The current repo does not show an obvious cfold-local fix to apply: the Ghost-specific overlay is unchanged, the recipe artifact still carries the expected compose.ccci.yml file, and the failure remains in the live upgrade path rather than discovery/custom-test coverage.
Net: cfold remains blocked on a cfold-neutral Ghost upgrade regression / flake. No repo-local code change was justified by that audit alone.

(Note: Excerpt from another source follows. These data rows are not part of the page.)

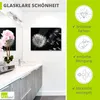 ARTland Glasbild Pusteblume Größe: 60x45 cm Produktbild-Vorschau 2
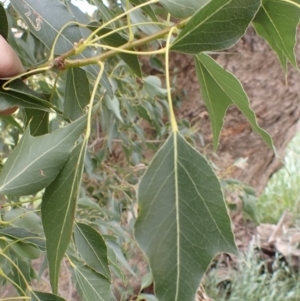 Brachychiton populneus subsp. populneus at Frogmore, NSW - 15 Oct 2022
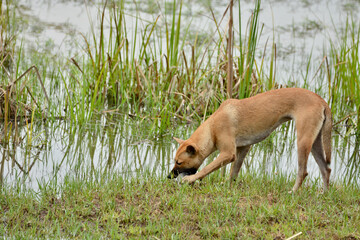 Brown dog eating fish next to the swamp.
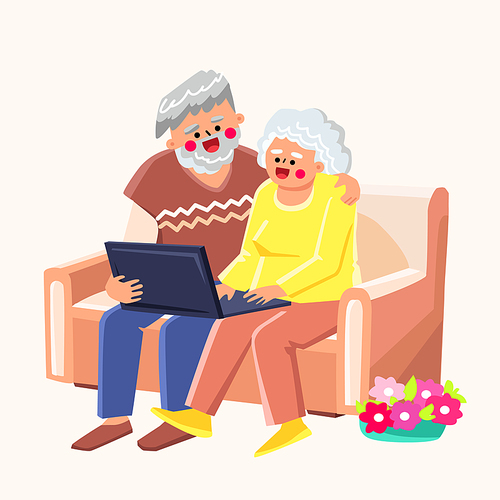 pensioner sofa laptop vector. computer home, elderly happy, old online woman, technology internet, senior retired pensioner sofa laptop character. people flat cartoon illustration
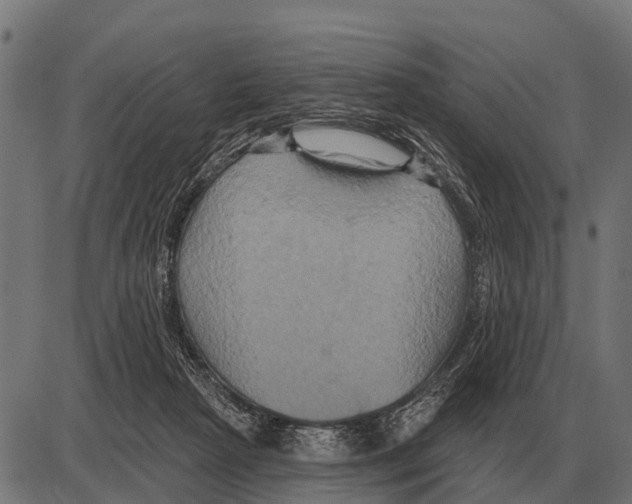 X0000084020265200703161747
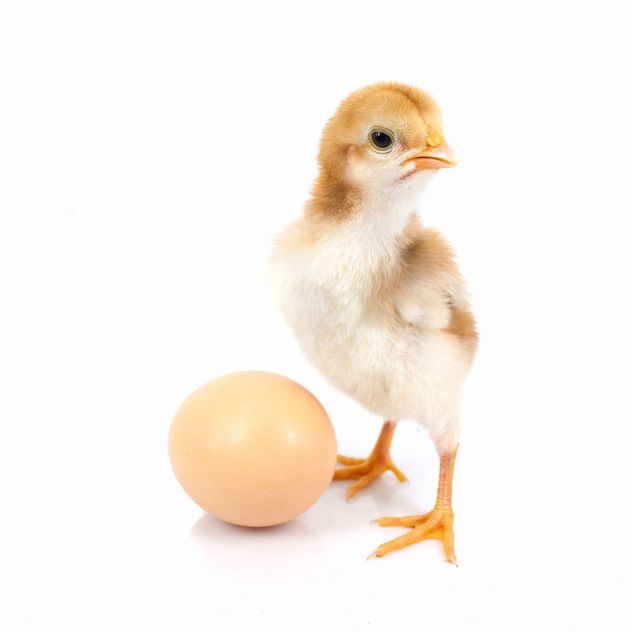 Baby Chicken - Kostenloses image #198027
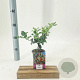Ilex aquifolium 30-40 cm P12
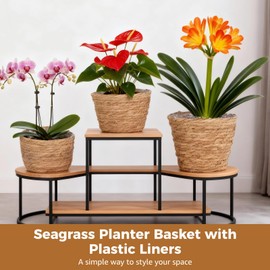 6 Pcs Plant Baskets Indoor with Plastic Liners, Wicker Hand Woven Plant Baskets, Flower Pots Storage Containers in 3 Sizes, Decorative Planters for Home, Balcony, Office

2026-06-13 — Ghost PR #3 fresh probe after reopen: same upgrade-only failure, plus duplicate trigger signal

I looked for the smallest allowed M2 step that did not touch recipe code: reuse an existing Ghost PR head that had historically gone green and rerun it through the live !testme path.

Actions taken:

$ set -a && . /srv/cc-ci/.testenv && set +a
$ curl -fsS -u "$GITEA_USERNAME:$GITEA_PASSWORD" -X PATCH \
    -H 'Content-Type: application/json' \
    -d '{"state":"open"}' \
    "https://$GITEA_URL/api/v1/repos/recipe-maintainers/ghost/pulls/3"
# PR #3 reopened; head remains 720faa0bebc46a34857b2933df1924ccabbd4087

$ curl -fsS -u "$GITEA_USERNAME:$GITEA_PASSWORD" -X POST \
    -H 'Content-Type: application/json' \
    -d '{"body":"!testme"}' \
    "https://$GITEA_URL/api/v1/repos/recipe-maintainers/ghost/issues/3/comments"
# comment 14497 created at 2026-06-13T00:07:50Z

Fresh live outcomes:

$ ssh cc-ci 'jq "{run_id, pr, recipe, ref, level, results, stages: (.stages | map({name,status,summary}))}" /var/lib/cc-ci-runs/568/results.json'
{
  "run_id": "568",
  "pr": "3",
  "recipe": "ghost",
  "ref": "720faa0bebc4",
  "level": 1,
  "results": {
    "backup": "pass",
    "custom": "pass",
    "install": "pass",
    "restore": "pass",
    "upgrade": "fail"
  },
  "stages": [
    {"name": "install", "status": "pass", "summary": null},
    {"name": "backup", "status": "pass", "summary": null},
    {"name": "restore", "status": "pass", "summary": null},
    {"name": "custom", "status": "pass", "summary": null},
    {"name": "lint", "status": "pass", "summary": null}
  ]
}

$ ssh cc-ci 'jq "{run_id, pr, recipe, ref, level, finished, results, stages: (.stages | map({name,status}))}" /var/lib/cc-ci-runs/569/results.json'
{
  "run_id": "569",
  "pr": "3",
  "recipe": "ghost",
  "ref": "720faa0bebc4",
  "level": 1,
  "finished": 1781309502.5494862,
  "results": {
    "backup": "pass",
    "custom": "pass",
    "install": "pass",
    "restore": "pass",
    "upgrade": "fail"
  },
  "stages": [
    {"name": "install", "status": "pass"},
    {"name": "backup", "status": "pass"},
    {"name": "restore", "status": "pass"},
    {"name": "custom", "status": "pass"},
    {"name": "lint", "status": "pass"}
  ]
}

Comment-stream evidence for duplicate triggers from one !testme:

$ curl -fsS -u "$GITEA_USERNAME:$GITEA_PASSWORD" \
    "https://$GITEA_URL/api/v1/repos/recipe-maintainers/ghost/issues/3/comments?limit=20"
# ...
# 14497: !testme (2026-06-13T00:07:50Z)
# 14498: cc-ci failure comment for run 568 (2026-06-13T00:08:05Z)
# 14499: cc-ci in-progress comment for run 569 (2026-06-13T00:08:05Z)
# 14500: cc-ci in-progress comment for run 570 (2026-06-13T00:08:05Z)

Takeaways:

Ghost is now freshly red post-cfold on three distinct PR heads (720faa0b, d88f5801, d42d0f7c), all with the same upgrade-only failure shape while custom discovery stays green.
That further weakens any cfold-local explanation; the blocker remains in Ghost's live upgrade path.
There is also likely a separate trigger dedupe problem: one !testme comment spawned runs 568, 569, and 570. I did not broaden into a D1 investigation in this loop step because cfold M2 is already hard-blocked by Ghost's repeated upgrade failures, but the evidence is now recorded.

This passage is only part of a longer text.